Le décès de l'étudiant de l'UCAD est un horrible drame. De combat juste et largement victorieux, il est devenu, hélas, le nouveau fond de commerce de politiciens et d'intellos aux pensées toxiques. Peu importe, l'essentiel pour ces funestes théoriciens est,  semble-t-il, d'exister (avec son cortège de haine)... Étroit dans son costume et maladroit dans sa réaction, l'état a choisi l'urgence comme réponse: un "magicien" Français de la balistique engagé à prix d'or, dit-on. Un moindre mal, à première vue. Un remède confus, en réalité.
Meurtri dans sa chair, le monde estudiantin (et certains de ses soutiens démagogiques) crie vengeance. Mais la police technique et scientifique n'as pas vocation à désigner un individu à la vindicte populaire. Elle est dans la recherche  de la preuve qui garde l'avantage d'être objective et impartiale, basée sur des faits.

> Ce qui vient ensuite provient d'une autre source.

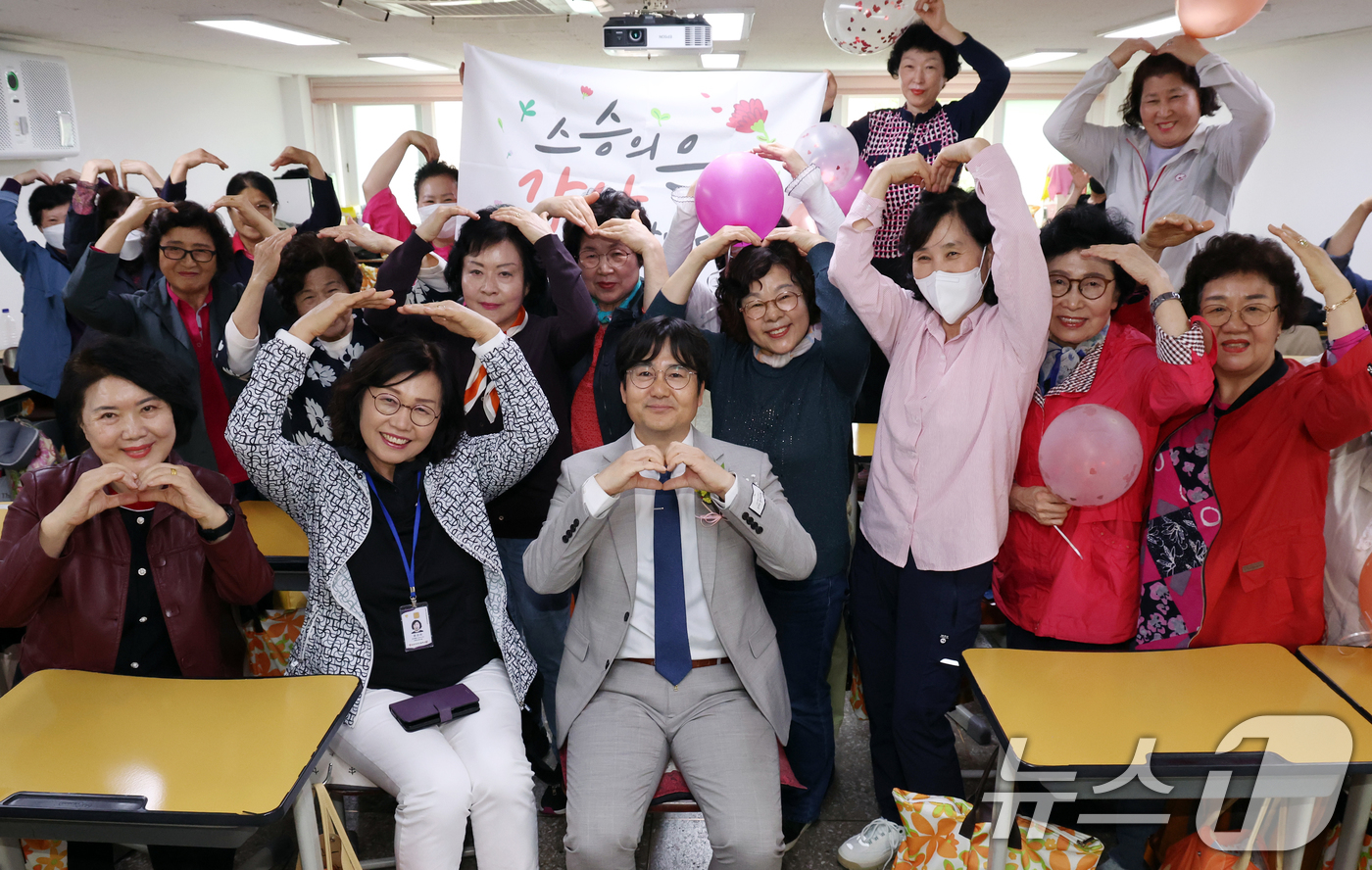 (서울=뉴스1) 김명섭 기자 = 스승의 날인 15일 서울 마포구 일성여자고등학교 1학년 2반 학생들이 고형구 담임선생님과 함께 하트를 만들어 보이고 있다.일성여자중고등학교는 개인적 …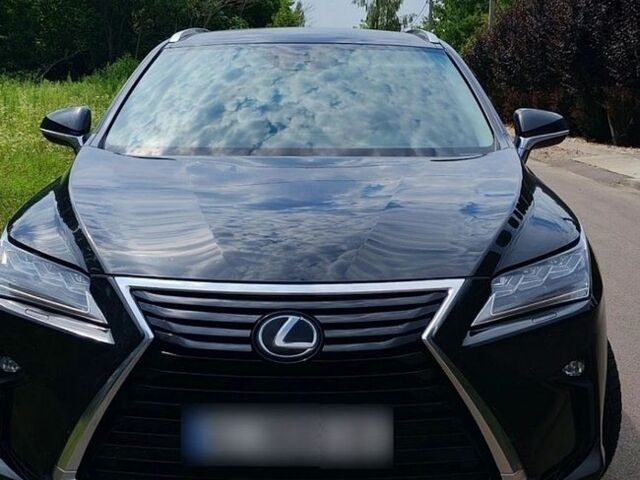 Чорний Лексус РХ, об'ємом двигуна 2 л та пробігом 215 тис. км за 26500 $, фото 1 на Automoto.ua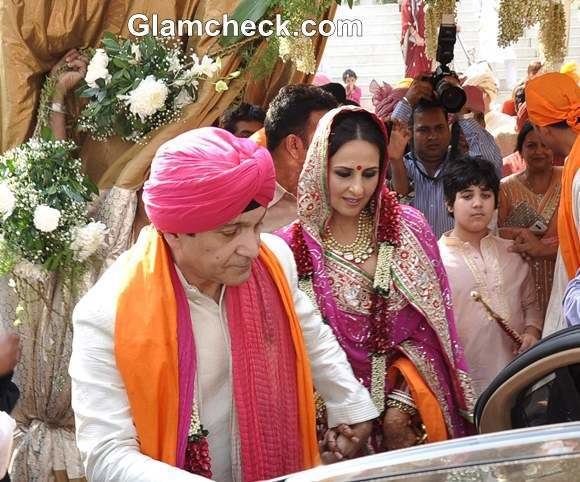 Surendra Hiranandani with wife Alka Bhatia at their wedding. Surendra wearing a pink turban, white robe, and a pink and orange scarf while Alka wearing a colorful traditional Indian dress.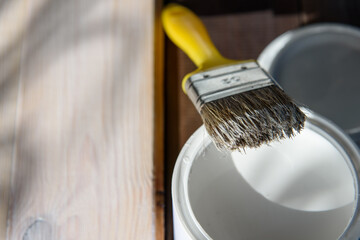 White paint and brush. Painting a textured wooden board.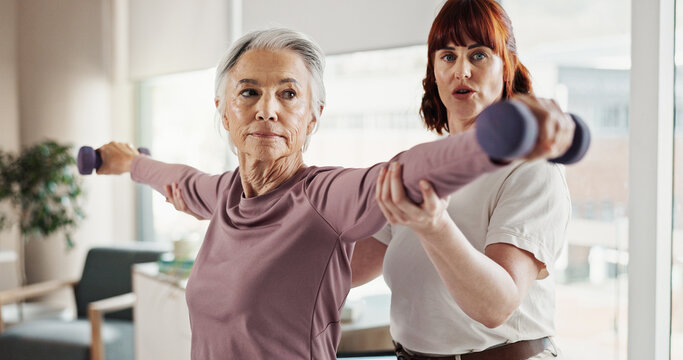 Weights, physiotherapist and senior woman consulting for wellness, mobility and physical therapy. Healthcare, professional and person with dumbbells for patient for rehabilitation medical service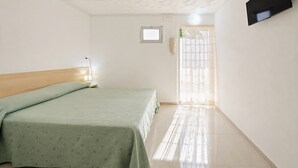 Ein Schlafzimmer mit einem Bett, einem Fenster, einem an der Wand montierten Fernseher und einer Tür mit Vorhang.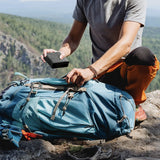 Powerpad Pro gray in backpack while camping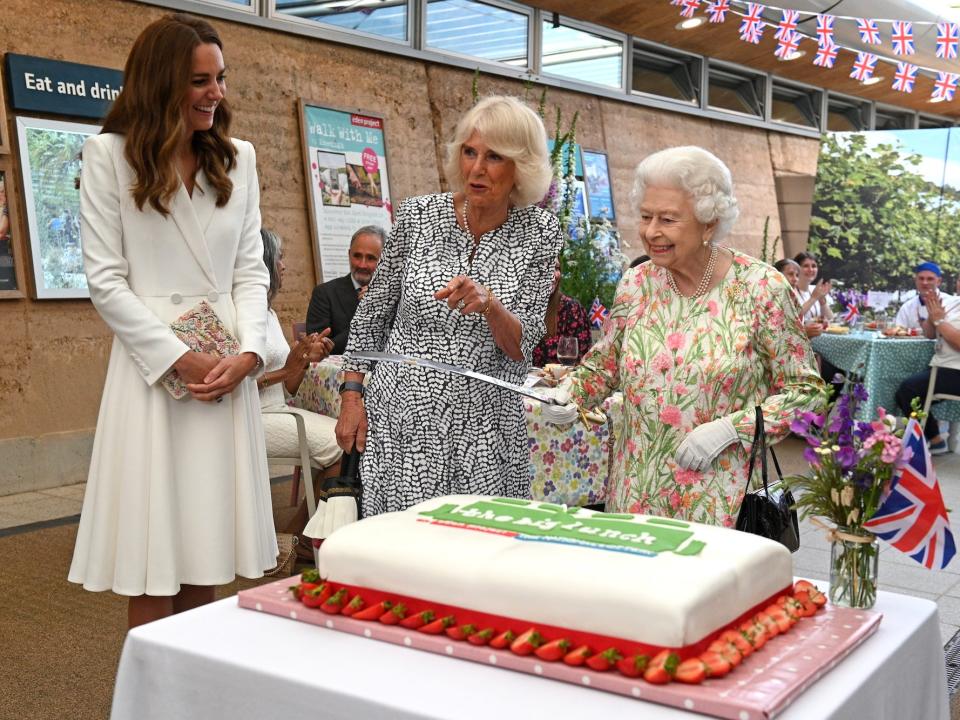 Queen Elizabeth cuts cake with sword while Kate Middleton looks on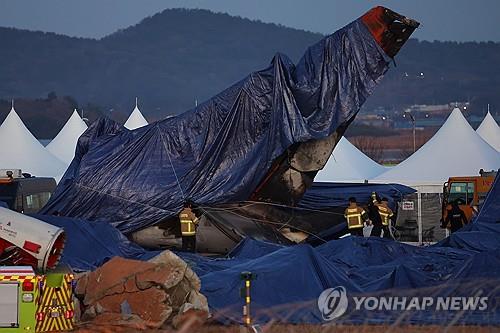 Los bomberos cubren el ala trasera del avión de Jeju Air destrozado con una lona en el lugar del accidente en el Aeropuerto Internacional de Muan en el condado de Muan, provincia de Jeolla del Sur, el 4 de enero de 2025, después de que finalizó la operación de búsqueda. (Yonhap) 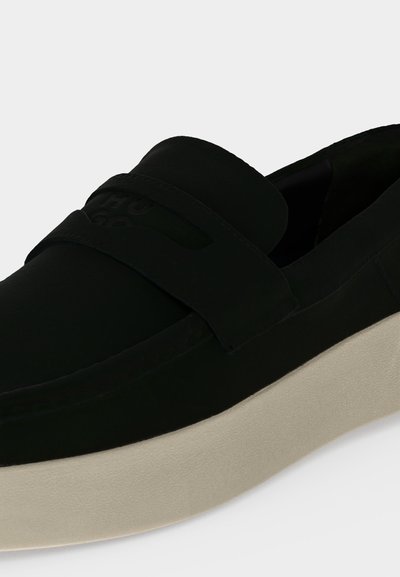Mocassin noir sans lacets avec semelle épaisse beige clair et large bride sur l’avant supérieur sur un fond clair uni.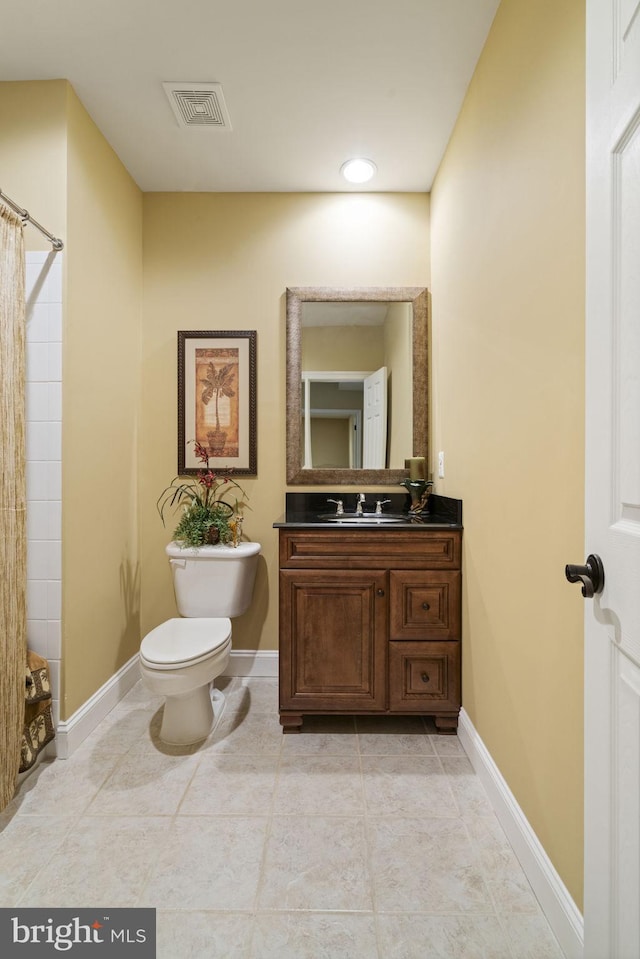 bathroom featuring baseboards, visible vents, toilet, curtained shower, and vanity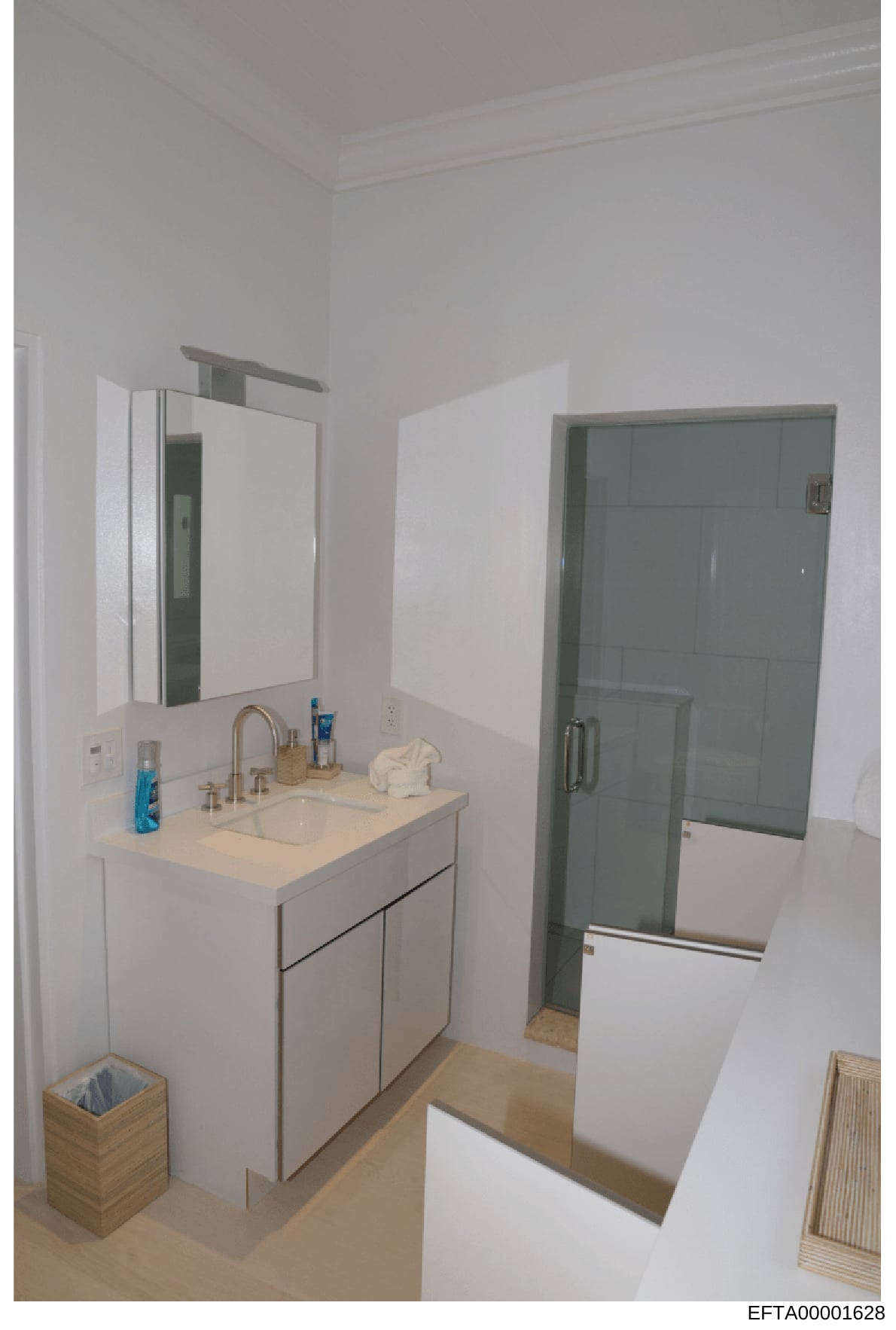 This is a photograph of a modern bathroom interior showing a white vanity with sink, medicine cabinet mirror, and a glass-enclosed shower area. The image appears to be documentation of property interior conditions, likely taken during an evidence or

Le traitement de la scène de crime ne concerne pas uniquement la phase de découverte ou de son lieu de commission. L'intervention des spécialistes, qu'ils soient techniciens de scènes de crime ou fonctionnaires de l identité judiciaire ou de la gendarmerie, peut etre sollicitée par les  enquêteurs dans tous les lieux qui sont liés à l'infraction et où l'appel à leurs services s'avère nécessaire; ces scènes de crime peuvent varier excessivement dans leur ampleur géographique et quelque soit le cas, on aura l'obligation d'utiliser la même méthodologie avec de temps en temps des difficultés.
 
Au Sénégal, les policiers vont en opération avec des armes dont le canon est (souvent) rayé. Pour le criminaliste, ces rayures constituent un élément d'identification très important; séparées par des champs, ces derniers se marquent de façon plus visible sur les projectiles. L'ensemble des principes de fonctionnement d'une arme à feu laissent des traces sur la douille, traits caractéristiques de l'arme qui a tiré. D'où l'intérêt de la récente découverte de la douille, relayée par des confrères. En effet, la douille est un élément entrant dans le processus d'identification d'une arme car elle porte la marque du percuteur et du diamètre de son logement, la trace de la tête de culasse ou du bouclier (révolver), les traces d'extracteur et d'éjecteur. On observe parfois aussi la marque de la chambre à cartouche et des lèvres du chargeur (toutes les balles tirées dans la même arme, ou plus exactement dans le même canon rayé, portent des marques similaires). En balistique , le microscope comparateur permet de fournir cette preuve. En effet, disposant d'une balle ou d'un étui retrouvés sur une scène de crime, et d'une arme suspecte, un tir de comparaison est effectué dans un "puits de tir" ou un "caisson de tir". On procède ensuite à l'examen au microscope comparateur de la balle saisie sur place <<Balle de question>> et de celle récupérée dans le puits <<Balle de comparaison>>; comme on peut aussi utiliser le système C.I.B.L.E (comparaison et identification balistique par localisation des empreintes) dont les principes reposent sur des techniques d'analyse de l'image. La recherche effectuée, le système C.I.B.L.E propose une liste de <<candidats>> par ordre  décroissant de similitude. La validation revient ensuite au balisticien qui doit vérifier visuellement les résultats proposés. La confirmation définitive ne sera effective qu'après la comparaison physique des éléments de munition.
 
Les moments qui suivent la découverte d'une infraction sont particulièrement fondamentaux pour la suite des investigations. Toute modification, toute intervention peuvent amener le déplacement
, l'altération ou la destruction d'un indice matériel. Les premiers éléments de police arrivés  doivent veiller complétement à la préservation des lieux et donc de la préservation des traces et indices afin que la scène de crime ne soit pas polluée. Il faut l'évacuer, la déterminer et l'isoler pour obtenir la scène de crime rêvée qui n'existe pratiquement pas. Qu'il me soit permis d'appuyer cette vérité par cette citation: <<OH! Comme tout ce que j'ai à faire serait facile si j'avais été ici avant qu'ils n'arrivassent comme une harde de buffles et qu'ils ne se fussent vautrés partout>> "Le mystère du Val Boscombe".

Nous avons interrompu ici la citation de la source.